> Aim of the task
Please write out every line of the material exactly.

> Entries provided
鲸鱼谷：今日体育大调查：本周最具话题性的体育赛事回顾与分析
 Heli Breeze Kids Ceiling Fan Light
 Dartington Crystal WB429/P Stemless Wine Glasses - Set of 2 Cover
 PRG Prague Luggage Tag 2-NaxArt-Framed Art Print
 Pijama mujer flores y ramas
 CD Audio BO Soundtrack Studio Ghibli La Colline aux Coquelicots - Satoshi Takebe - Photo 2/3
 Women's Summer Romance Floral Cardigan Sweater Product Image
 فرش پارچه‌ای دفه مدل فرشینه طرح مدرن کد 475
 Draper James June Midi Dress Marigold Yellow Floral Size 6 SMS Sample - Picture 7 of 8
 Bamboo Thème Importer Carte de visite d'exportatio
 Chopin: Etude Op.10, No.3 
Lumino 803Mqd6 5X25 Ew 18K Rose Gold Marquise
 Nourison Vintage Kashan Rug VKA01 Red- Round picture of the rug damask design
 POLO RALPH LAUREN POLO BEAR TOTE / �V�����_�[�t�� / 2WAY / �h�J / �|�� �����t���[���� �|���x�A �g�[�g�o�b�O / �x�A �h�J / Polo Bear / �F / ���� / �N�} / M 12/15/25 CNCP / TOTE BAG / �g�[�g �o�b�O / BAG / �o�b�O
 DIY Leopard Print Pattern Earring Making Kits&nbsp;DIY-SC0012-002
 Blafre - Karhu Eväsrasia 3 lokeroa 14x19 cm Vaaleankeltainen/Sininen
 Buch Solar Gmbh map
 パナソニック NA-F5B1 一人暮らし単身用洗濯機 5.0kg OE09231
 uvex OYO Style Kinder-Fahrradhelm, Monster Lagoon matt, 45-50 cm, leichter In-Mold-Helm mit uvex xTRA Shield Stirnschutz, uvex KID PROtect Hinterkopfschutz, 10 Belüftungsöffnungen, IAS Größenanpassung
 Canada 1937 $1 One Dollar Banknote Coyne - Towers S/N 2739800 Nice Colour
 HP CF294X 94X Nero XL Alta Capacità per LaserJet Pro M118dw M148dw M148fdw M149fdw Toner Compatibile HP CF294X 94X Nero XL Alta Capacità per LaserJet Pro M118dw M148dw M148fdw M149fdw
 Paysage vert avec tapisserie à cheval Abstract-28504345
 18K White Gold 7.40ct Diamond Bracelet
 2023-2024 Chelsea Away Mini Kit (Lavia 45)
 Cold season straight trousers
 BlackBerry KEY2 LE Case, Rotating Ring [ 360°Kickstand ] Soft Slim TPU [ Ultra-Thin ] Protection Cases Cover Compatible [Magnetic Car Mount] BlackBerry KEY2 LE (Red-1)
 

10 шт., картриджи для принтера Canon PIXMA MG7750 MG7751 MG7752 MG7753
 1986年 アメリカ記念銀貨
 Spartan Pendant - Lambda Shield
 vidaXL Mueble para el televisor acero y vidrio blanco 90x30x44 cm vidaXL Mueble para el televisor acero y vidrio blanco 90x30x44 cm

> Reply to the task
鲸鱼谷：今日体育大调查：本周最具话题性的体育赛事回顾与分析
 Heli Breeze Kids Ceiling Fan Light
 Dartington Crystal WB429/P Stemless Wine Glasses - Set of 2 Cover
 PRG Prague Luggage Tag 2-NaxArt-Framed Art Print
 Pijama mujer flores y ramas
 CD Audio BO Soundtrack Studio Ghibli La Colline aux Coquelicots - Satoshi Takebe - Photo 2/3
 Women's Summer Romance Floral Cardigan Sweater Product Image
 فرش پارچه‌ای دفه مدل فرشینه طرح مدرن کد 475
 Draper James June Midi Dress Marigold Yellow Floral Size 6 SMS Sample - Picture 7 of 8
 Bamboo Thème Importer Carte de visite d'exportatio
 Chopin: Etude Op.10, No.3 
Lumino 803Mqd6 5X25 Ew 18K Rose Gold Marquise
 Nourison Vintage Kashan Rug VKA01 Red- Round picture of the rug damask design
 POLO RALPH LAUREN POLO BEAR TOTE / �V�����_�[�t�� / 2WAY / �h�J / �|�� �����t���[���� �|���x�A �g�[�g�o�b�O / �x�A �h�J / Polo Bear / �F / ���� / �N�} / M 12/15/25 CNCP / TOTE BAG / �g�[�g �o�b�O / BAG / �o�b�O
 DIY Leopard Print Pattern Earring Making Kits&nbsp;DIY-SC0012-002
 Blafre - Karhu Eväsrasia 3 lokeroa 14x19 cm Vaaleankeltainen/Sininen
 Buch Solar Gmbh map
 パナソニック NA-F5B1 一人暮らし単身用洗濯機 5.0kg OE09231
 uvex OYO Style Kinder-Fahrradhelm, Monster Lagoon matt, 45-50 cm, leichter In-Mold-Helm mit uvex xTRA Shield Stirnschutz, uvex KID PROtect Hinterkopfschutz, 10 Belüftungsöffnungen, IAS Größenanpassung
 Canada 1937 $1 One Dollar Banknote Coyne - Towers S/N 2739800 Nice Colour
 HP CF294X 94X Nero XL Alta Capacità per LaserJet Pro M118dw M148dw M148fdw M149fdw Toner Compatibile HP CF294X 94X Nero XL Alta Capacità per LaserJet Pro M118dw M148dw M148fdw M149fdw
 Paysage vert avec tapisserie à cheval Abstract-28504345
 18K White Gold 7.40ct Diamond Bracelet
 2023-2024 Chelsea Away Mini Kit (Lavia 45)
 Cold season straight trousers
 BlackBerry KEY2 LE Case, Rotating Ring [ 360°Kickstand ] Soft Slim TPU [ Ultra-Thin ] Protection Cases Cover Compatible [Magnetic Car Mount] BlackBerry KEY2 LE (Red-1)
 

10 шт., картриджи для принтера Canon PIXMA MG7750 MG7751 MG7752 MG7753
 1986年 アメリカ記念銀貨
 Spartan Pendant - Lambda Shield
 vidaXL Mueble para el televisor acero y vidrio blanco 90x30x44 cm vidaXL Mueble para el televisor acero y vidrio blanco 90x30x44 cm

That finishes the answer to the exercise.